LISTED ENTRIES: Begin

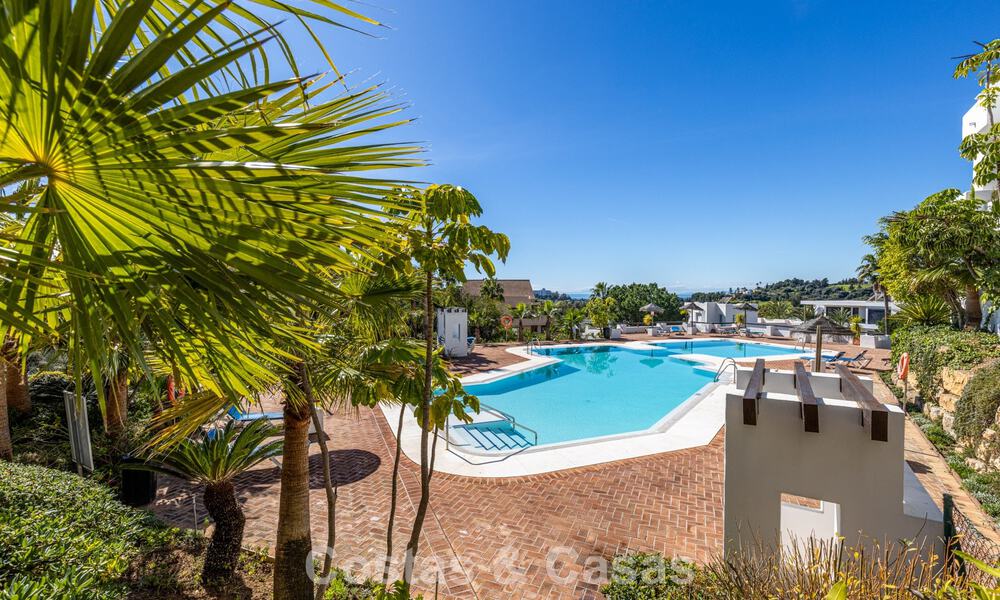 Penthouse rénové de 3 chambres à coucher dans une résidence sécurisée avec vue sur la mer et le golf à Marbella - Benahavis 793351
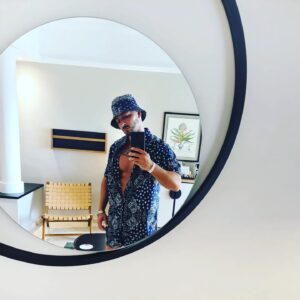 Nyno Vargas Instagram - Familia pasaba por aquí para desearos un feliz verano 🌞 llevo tiempo trabajando en un par de cosas..😬 Pronto volvemos 🎶🌴💛🌴🎶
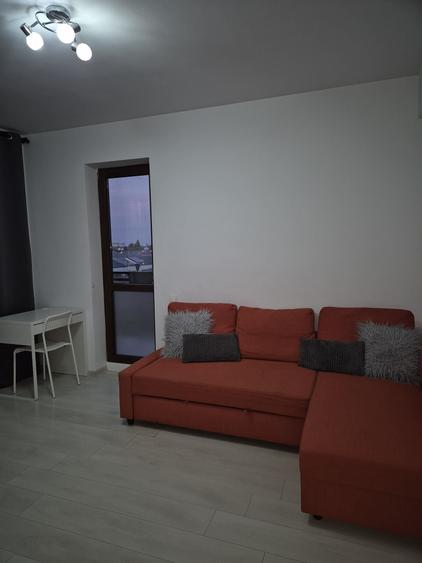 Apartament cu 2 camere decomandat în Roșu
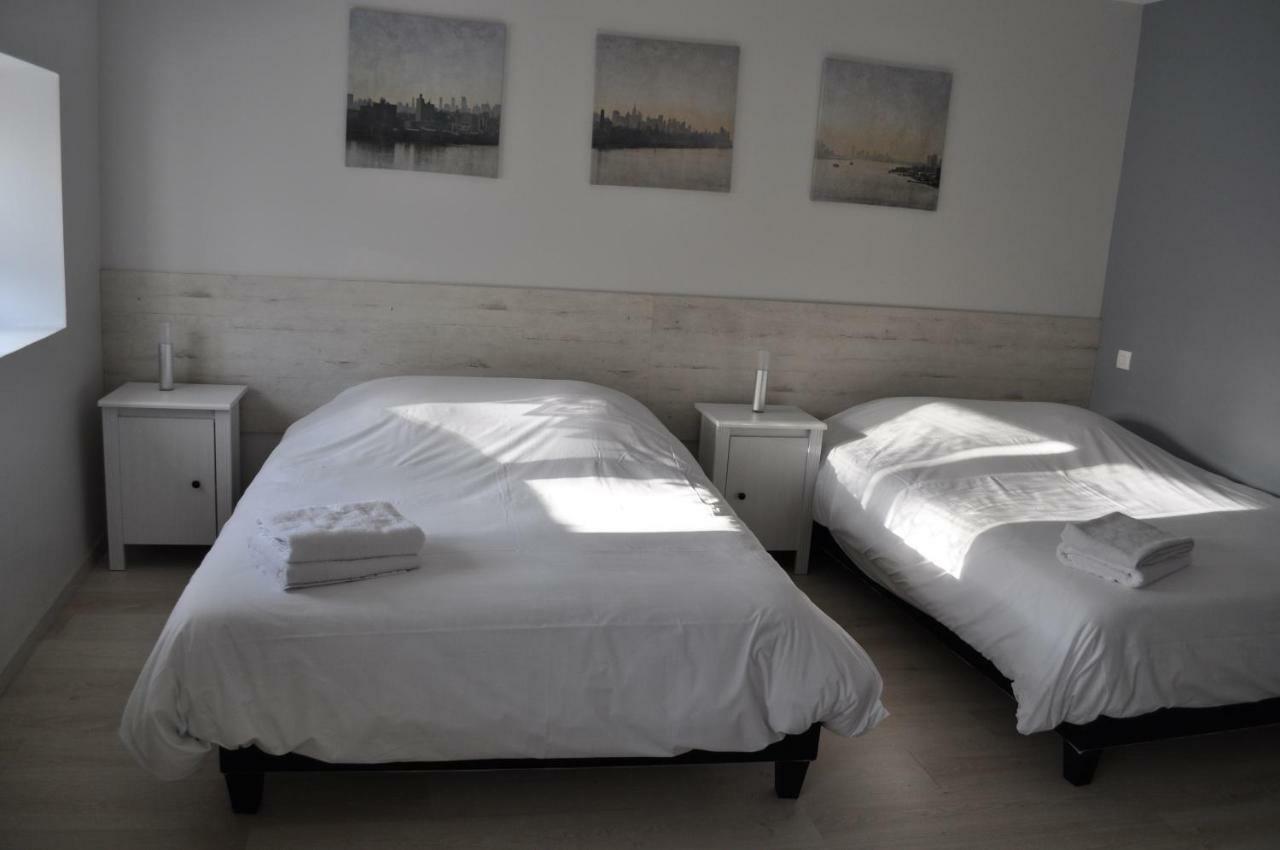 Hôtel Domaine De La Barolliere à Saint-Paul-en-Jarez Extérieur photo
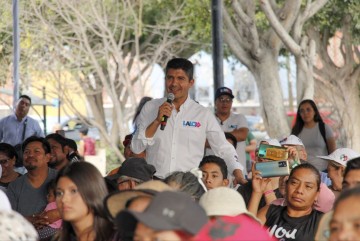 Candidato Lalo Rivera comprometido con madres y recolectores voluntarios de Puebla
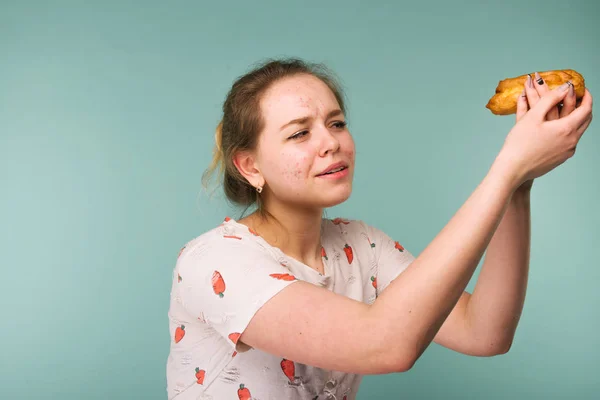 Портрет прыщавой девочки-подростка хочет съесть эклерный торт Лицензионные Стоковые Фото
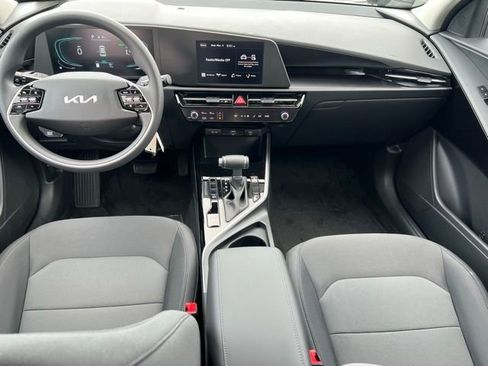 New 2026 Kia Niro LX FWD image 17
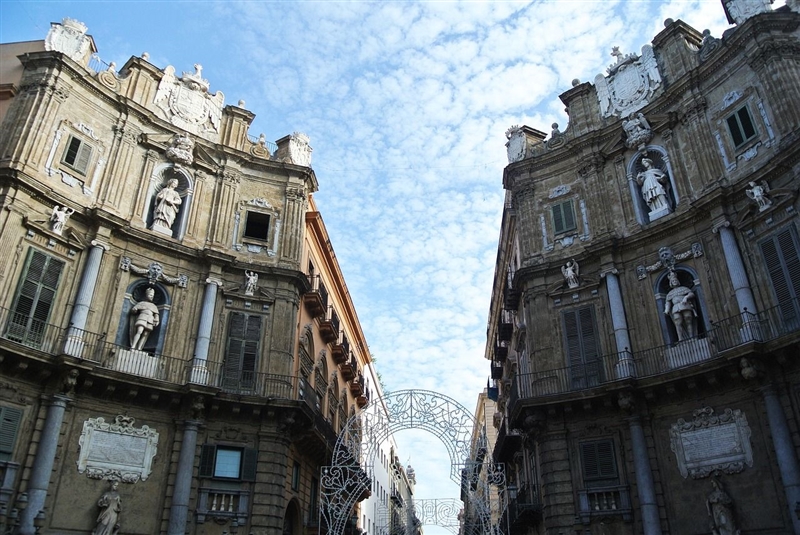 Quattro Canti, cunoscută oficial drept Piazza Vigliena, Palermo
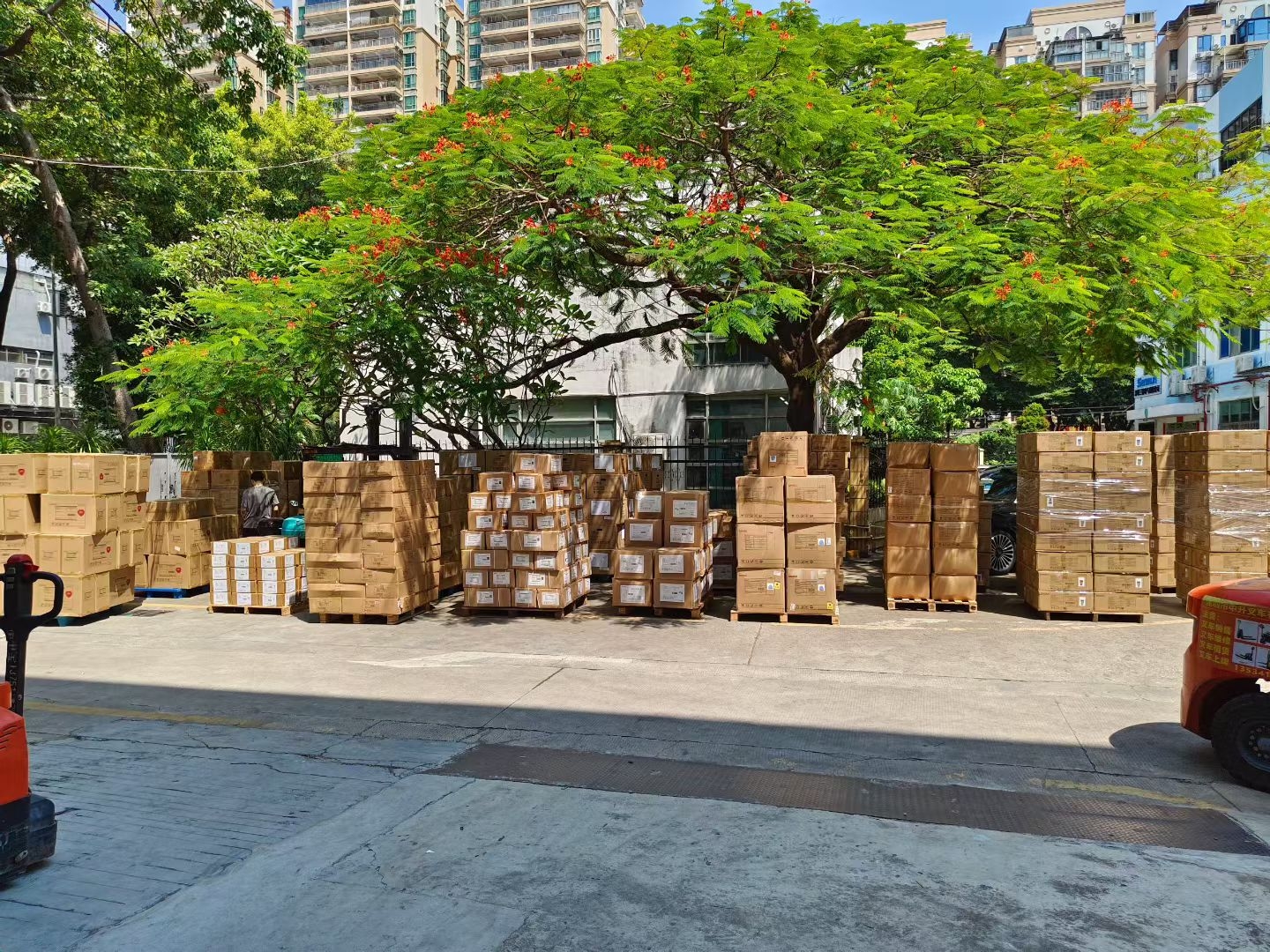 Comida americana está se acumulando em armazéns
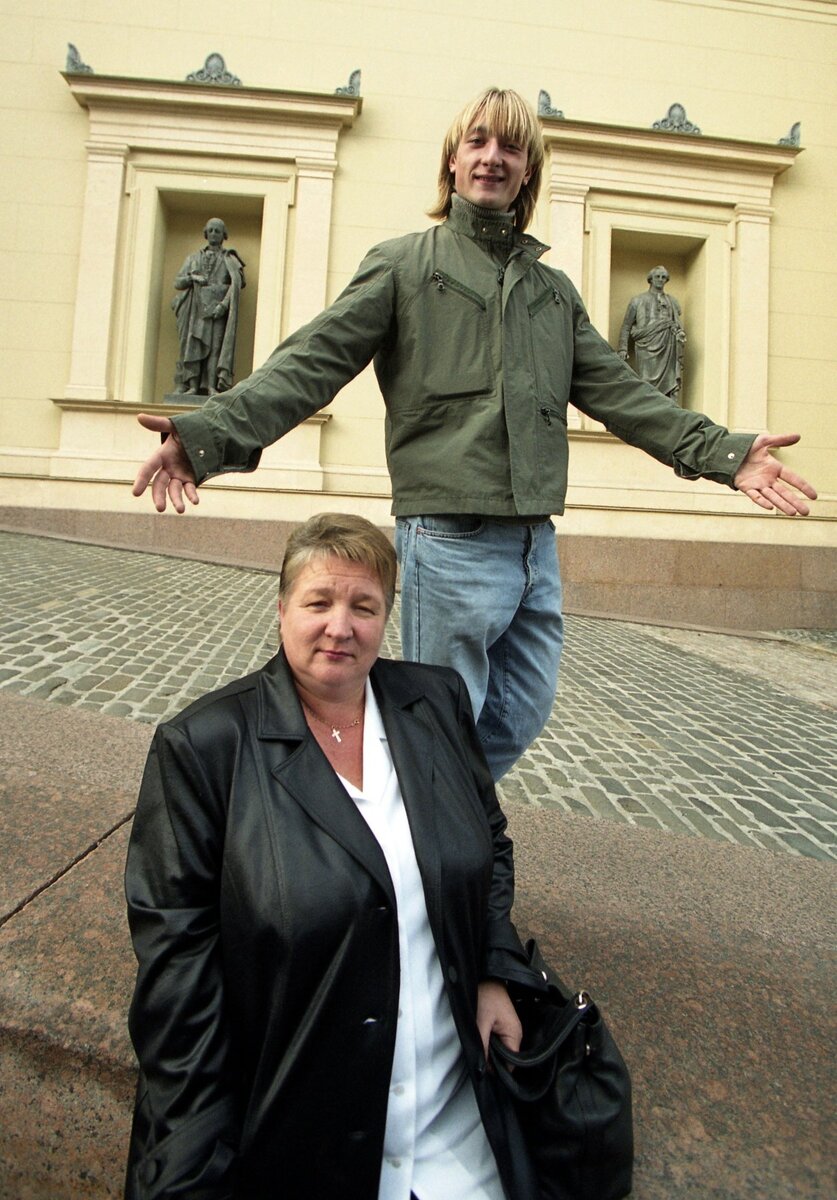    Евгений Плющенко с мамой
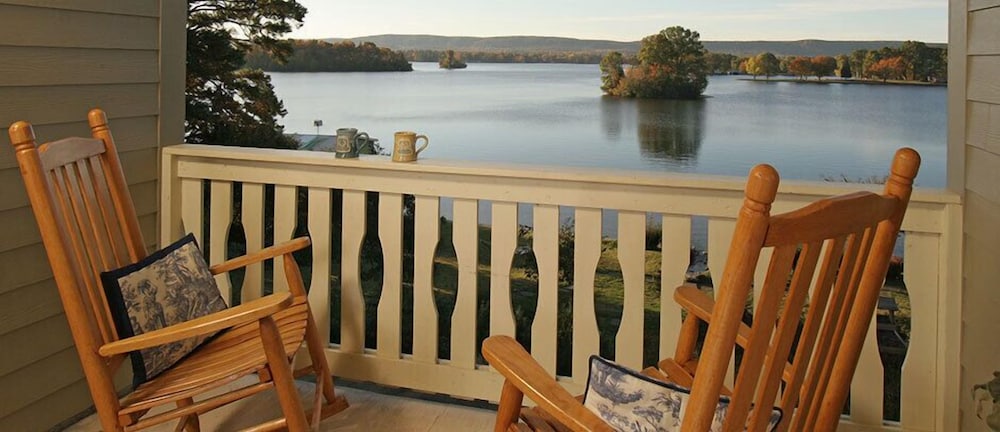 Lookout Point Lakeside Inn - photo 28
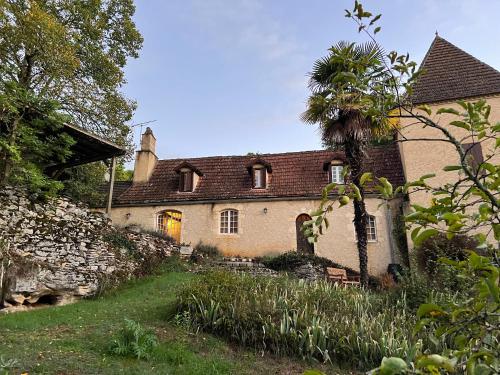 Colourful country house with large garden, very large pool and forest : Maisons de vacances proche de Goujounac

LISTED ENTRIES: End

_YOUR INSTRUCTIONS_
Repeat the preceding records precisely, and leave every picture out of the copy.

_FINISHED EXERCISE_
 Penthouse rénové de 3 chambres à coucher dans une résidence sécurisée avec vue sur la mer et le golf à Marbella - Benahavis 793351
 Nyno Vargas Instagram - Familia pasaba por aquí para desearos un feliz verano 🌞 llevo tiempo trabajando en un par de cosas..😬 Pronto volvemos 🎶🌴💛🌴🎶
 Apartament cu 2 camere decomandat în Roșu
 Hôtel Domaine De La Barolliere à Saint-Paul-en-Jarez Extérieur photo
 Candidato Lalo Rivera comprometido con madres y recolectores voluntarios de Puebla
 Портрет прыщавой девочки-подростка хочет съесть эклерный торт Лицензионные Стоковые Фото
 New 2026 Kia Niro LX FWD image 17
 Quattro Canti, cunoscută oficial drept Piazza Vigliena, Palermo
 Comida americana está se acumulando em armazéns
    Евгений Плющенко с мамой
 Lookout Point Lakeside Inn - photo 28
 Colourful country house with large garden, very large pool and forest : Maisons de vacances proche de Goujounac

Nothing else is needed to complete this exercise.